Este pensamiento nos lleva directamente a reflexionar sobre la relación entre la ebriedad y el acto creativo. Hay un acuerdo casi unánime de que es imposible escribir bajo el efecto del alcohol o cualquier otra sustancia estupefaciente, al menos algo mínimamente apreciable, y sin embargo no deja de resultar chocante la interminable nómina de genios literarios alcohólicos, que es desmesurada.
Una escena del relato “El camión de mudanzas escarlata”, que trata de un borracho social inveterado, es particularmente estremecedora:
Charlie se sentó a su lado.
—Gee-Gee.
—¿Qué?
—¿Vas dejar de beber?
—No.
—¿Dejaras la bebida si yo también la dejo?
—No.
—¿Irás a ver a un psiquiatra?
—¿Para qué? Me conozco. Lo único que tengo que hacer es llegar hasta el final.
—¿Irás a ver a un psiquiatra si yo te acompaño?
—No.
—¿Vas a hacer algo para ayudarte?
—Tengo que enseñarles.
Entonces echó hacia atrás la cabeza y sollozó: “Oh, Dios mío…”.

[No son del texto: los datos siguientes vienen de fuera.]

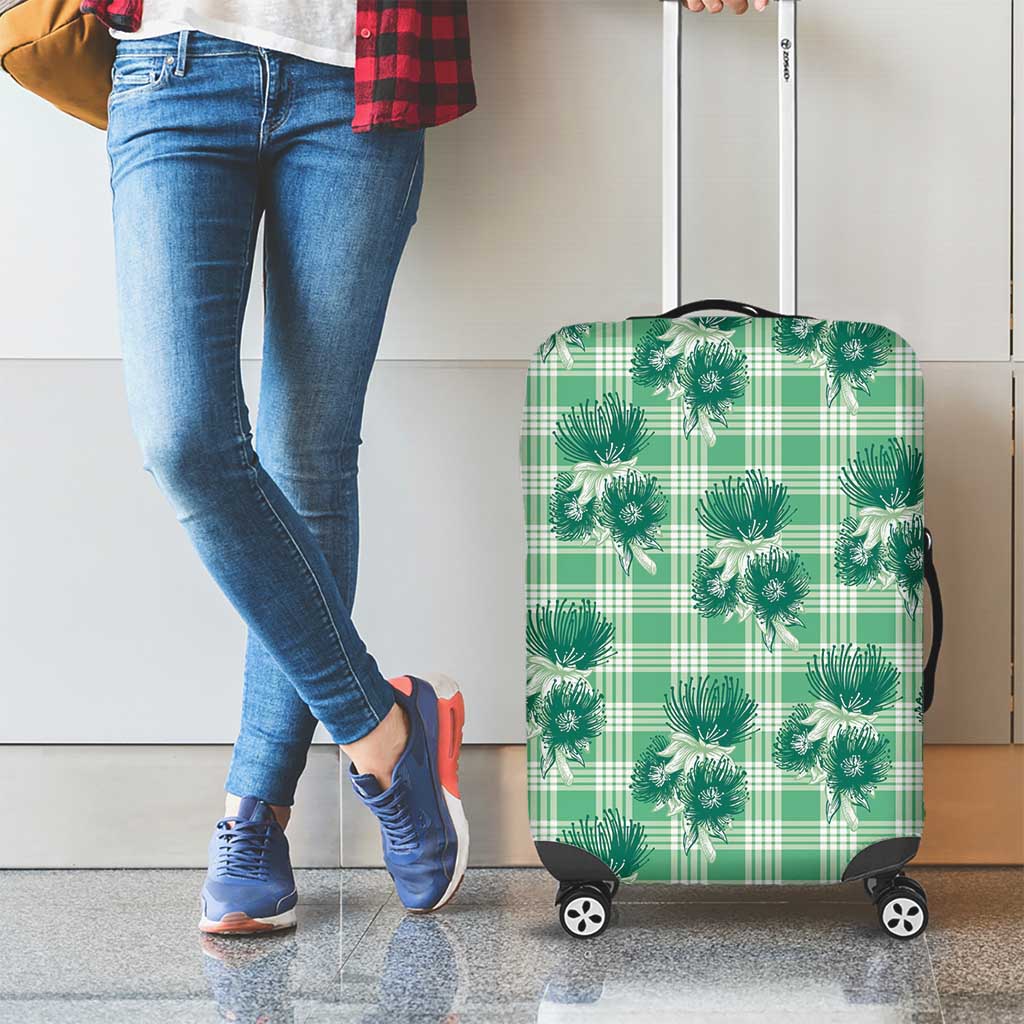 Green Palaka Hawaii Luggage Cover Hawaiian Lehua Blossoms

Un diálogo implacable que escenifica la inevitabilidad del alcohol para el dipsómano. John Cheever escribió en su diario:
“Lo más maravilloso de la vida parece ser que casi desconocemos nuestras posibilidades de autodestrucción. Tal vez la deseemos, soñemos con ella, pero nos disuade un rayo de luz, un cambio en el viento”.
Lo que se ha llamado “La fascinación por el abismo”. Posiblemente Cheever buscaba escapar de un mundo feo que no le gustaba refugiándose en sus grandes pasiones, la creación literaria, la sexualidad desenfrenada y, por encima de ellas, el “paraíso artificial” del alcohol.